*Given information*
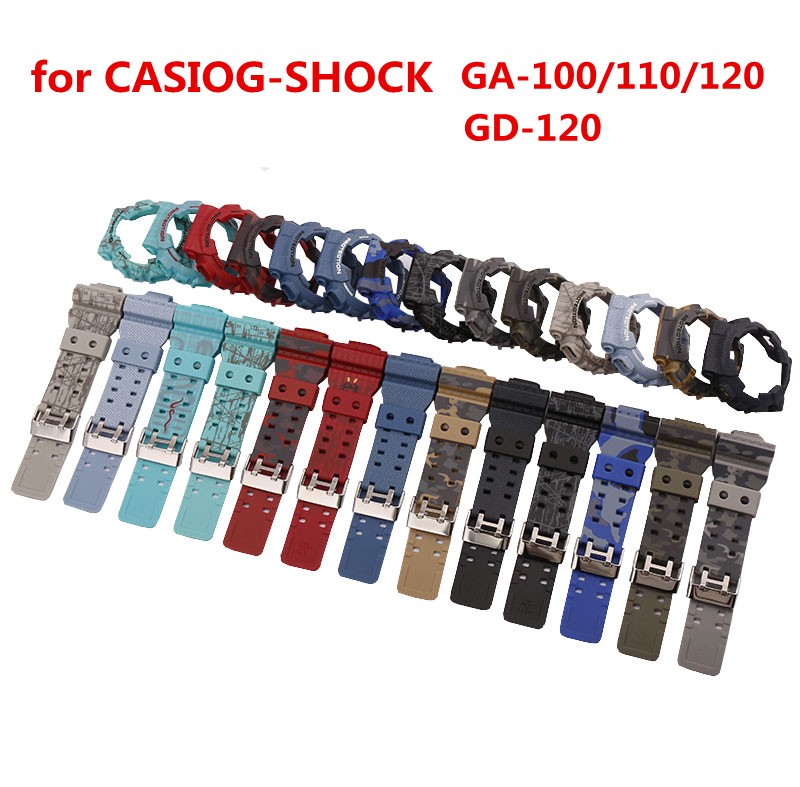 Watch Accessories Suitable for Casio Strap Set GA-110 GLS-100 GD-120 Camouflage G-SHOCK Strap Case Men's and Women's Straps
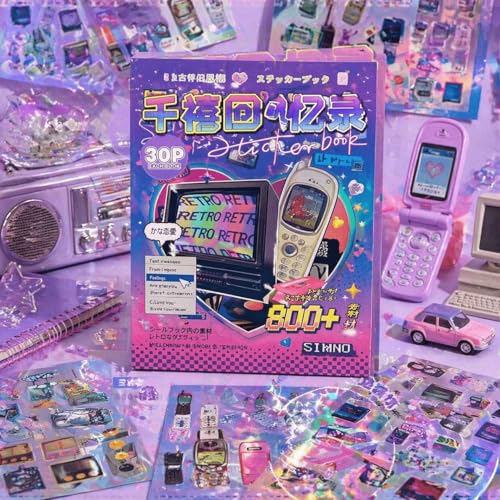 800 PCS Japanese Vintage Sticker Book, Showa Retro Ephemera Collection with Glossy, Matte and Frosted Stickers for Journaling, Scrapbooking, Collage and Vision Boards - color: Showa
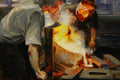 Original art for sale at UGallery.com | Guiding the Pour by Onelio Marrero | $875 | oil painting | 16' h x 20' w | thumbnail 4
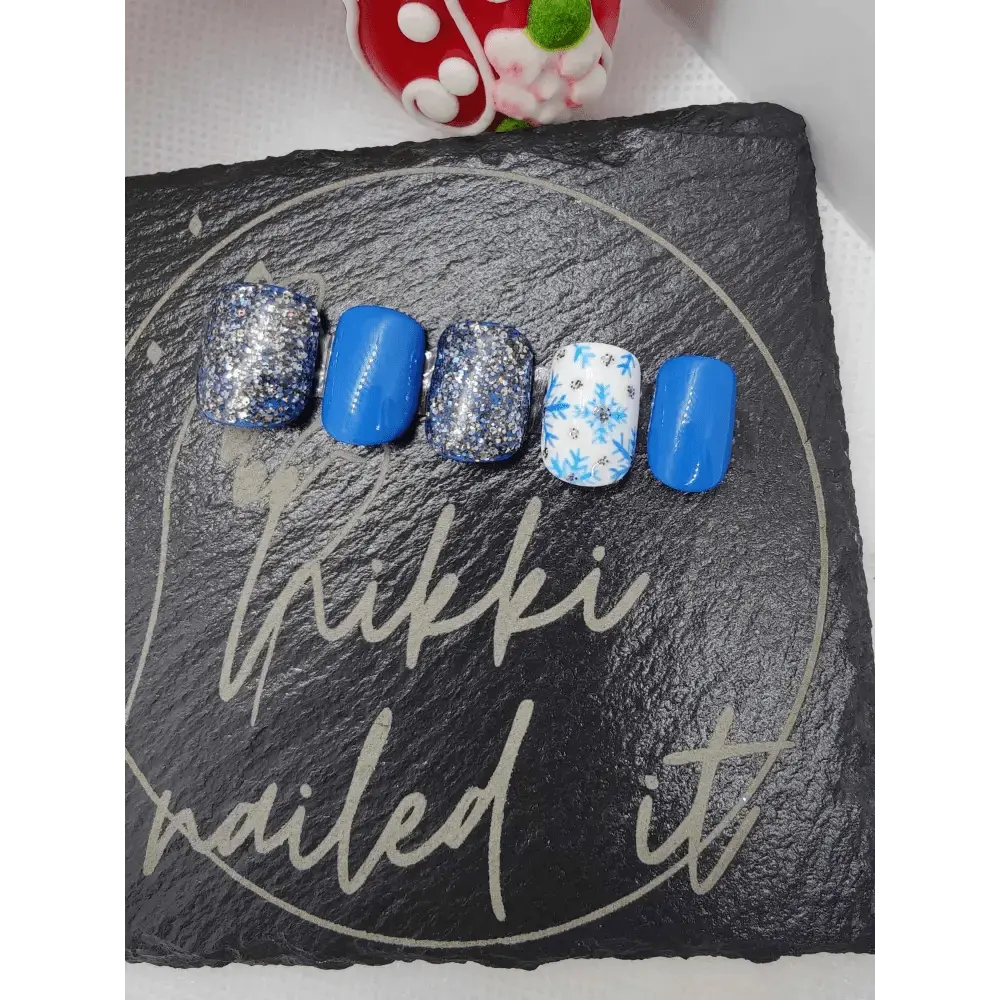 Nailmas Day 02 Glitter Snowflake Nails - Hand Painted Luxury Press On Christmas Nails by Nikki Nailed - Nikki Nailed it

*Your instructions*
All of the data should be returned word for word, with each picture left out.

*Solved problem*
 Watch Accessories Suitable for Casio Strap Set GA-110 GLS-100 GD-120 Camouflage G-SHOCK Strap Case Men's and Women's Straps
 800 PCS Japanese Vintage Sticker Book, Showa Retro Ephemera Collection with Glossy, Matte and Frosted Stickers for Journaling, Scrapbooking, Collage and Vision Boards - color: Showa
 Original art for sale at UGallery.com | Guiding the Pour by Onelio Marrero | $875 | oil painting | 16' h x 20' w | thumbnail 4
 Nailmas Day 02 Glitter Snowflake Nails - Hand Painted Luxury Press On Christmas Nails by Nikki Nailed - Nikki Nailed it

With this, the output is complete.